Habertürk TV'nin TV haberciliğinde yeni bir soluk olacağını düşünenler, bir parça yanıldı. Orta-popülist, haber formatından sıkılan Türkiye için daha renkli ve 'zirve' BBC'den ziyade daha bir 'halka inen' bir enformasyon kanalı yaratıldı. Bir ihtiyaç mıdır? Kesinlikle. İnsanların haber yelpazesinin genişlemesi için popüler işlere de gerek duyuyoruz.

Zaten reyting ölçümüne girmesi, devamlı 'en çok izlenmeye' vurgu yapması, anlasın-anlamasın her konuyu sürekli ekranda duran alt bandıyla halka danışması (popülist yayıncılığın bir numaralı göstergelerinden biridir), akşam kuşağını Hülya Avşar'a teslim etmesi Habertürk'ün popüler habercilik politikasının işaretleri.

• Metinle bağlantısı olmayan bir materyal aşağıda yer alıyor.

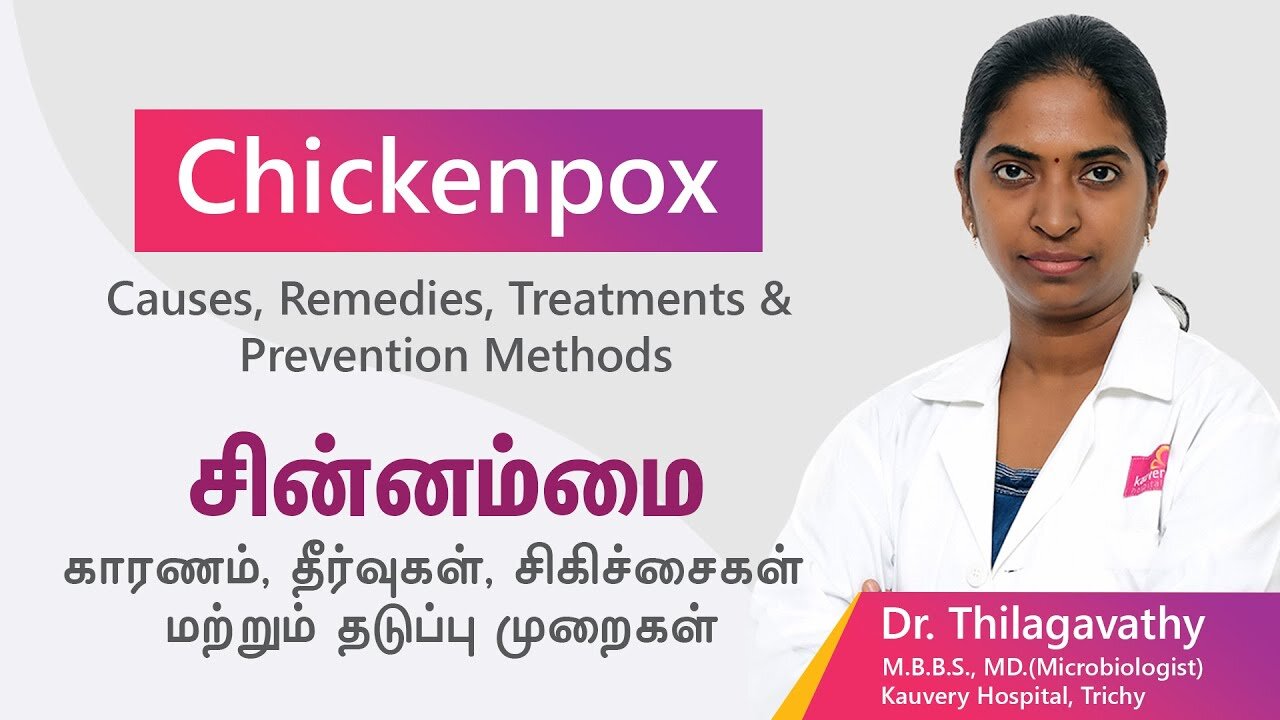 Chicken Pox - Symptoms, Causes, Prevention, Treatment & Awareness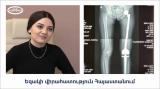 17 летняя девочка победила рак - уникальная операция в Армении. nairimed.com
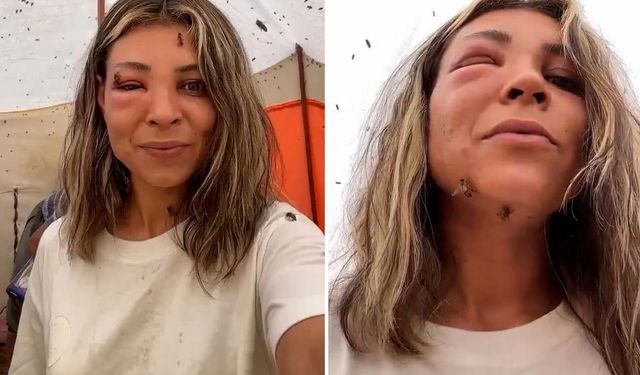 2200 rakımda arıların saldırısına uğradı! Yüzünün son hali şaşkına çevirdi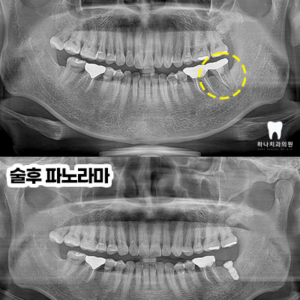 울산삼산동치과
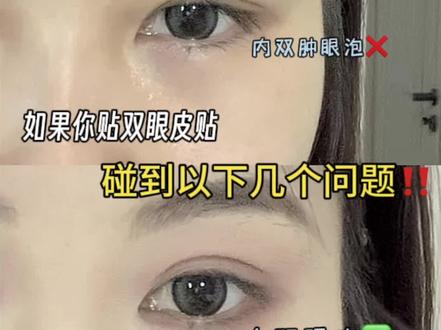 内双肿眼泡,贴双眼皮贴总是碰到以下几个问题,手把手教你精准解决!#双眼皮 #肿眼泡 #眼妆
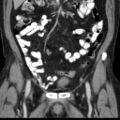 Bilateral direct inguinal herniae (Radiopaedia 17016-16719 A 12).jpg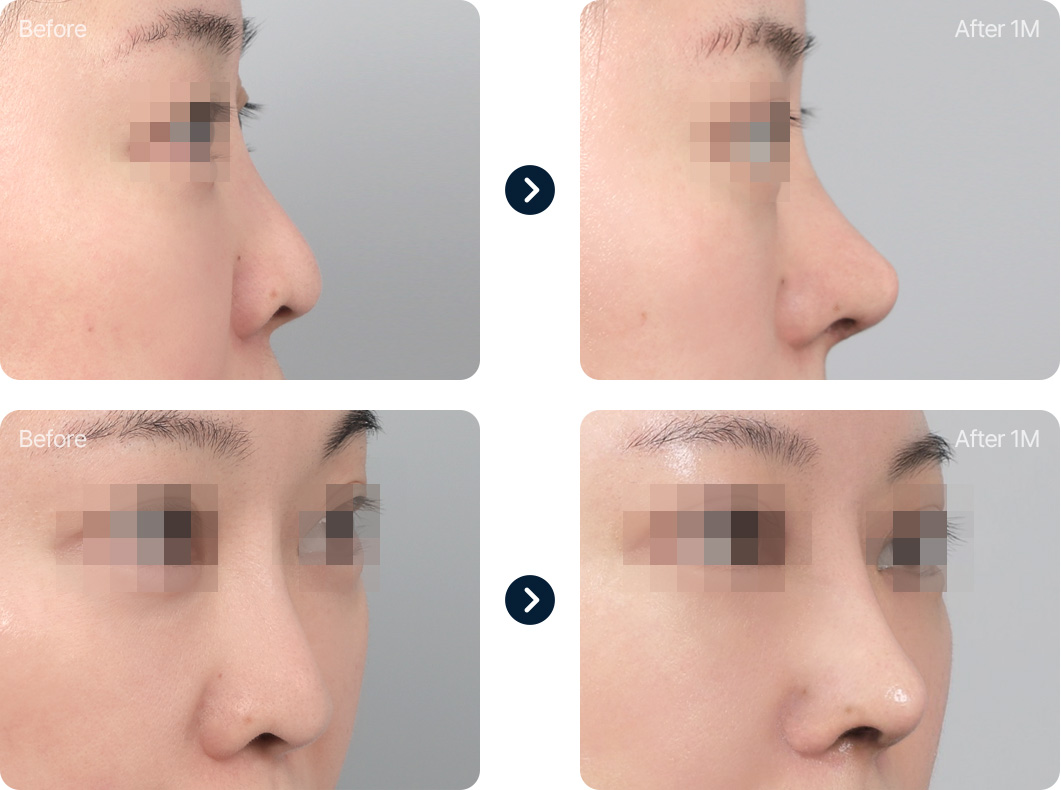 낮은코 성형 전후사진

Ancak bu popüler yayıncılık zaman zaman ciddi boyutta sapmalara ve rahatsız edici 'reyting azgınlığını' dışa vuran seçimlere sebep oluyor, bende ciddi bir bayağılık hissiyatı yaratıyor bu, itiraf edeyim.

Amiral Fatih Altaylı'nın böyle bir tarzı olduğunu ciddi ciddi düşünmeye başladım artık. Bu resmen adamın bir politikası gibi. Sıkıştıkça Zekeriya Beyaz, Haydar Dümen, Yaşar Nuri Öztürk ve bilumum 'reyting kurtarıcısı' kişiliklerden medet ummak. Hatta Berlusconi'yle yatmaktan başka hiç bir özelliği olmayan bir kadınla özel program yapmak.

Kanal yayına başladığında iki günde bir ekrana çıkan Yaşar Nuri Öztürk ile yollar ayrıldı. Ama tarz sürüyor. Bol reaksiyon olacağı garantisiyle Ali Rıza Hoca'nın İslami cinsel yaşam üzerine haftalık vaaz (dikkat buyurunuz, bir haber kanalının 20.00-22.00 kuşağından bahsediyoruz!) dinletilerine mecbur bırakılan izleyiciye, çeşitlilik olarak Haydar Dümen'in püsürmüş önerileri, Zekeriya Beyaz'ın absürd fetvaları, ya da sakalı yere değen atraksiyonel hocafendi Cübbeli Ahmet Ünlü'den inciler dizip seyirciyi şaşırtıvermek...

Ahmet Ünlü'nün kendisiyle ilgili bir mevzu olur, çıkarıp konuşturursun. Herkesin söz hakkı vardır elbet. Ama adamı her ay bir kez konuk edip de aylık 'Ulusa va'z-ü nasihat' yaparsan, ortalık leş gibi reyting kokusundan geçilmez. Saygınlık gider, ciddiyet gider.

O yola girmek kolay. Yaparsın bir 'Erman Toroğluvari konuklar' listesi, sırayla her akşam birini alırsın. Çok daha heyecan verir izleyene. Bol mevzu, bol kavga, bol gürültü, bol sürpriz, bol reyting... Habertürk TV de büyür böylece. Büyür, büyür, ve daha da büyür.

Bu akşam en çok izlenen saatte damdan düşer gibi Masonluk tartışması görünce aklıma geldi bunu yazmak. Her gün, derin dondurucudaki temcit pilavlarından birini ısıtılıp önümüze koymayın. Aklıma hep 28 Şubat dönemindeki Medyum Memiş, Ali Kalkancı gibi garip tiplerin olduğu programlar geliyor. Sahi, onları da mı Fatih Abimiz teke tek alıyordu?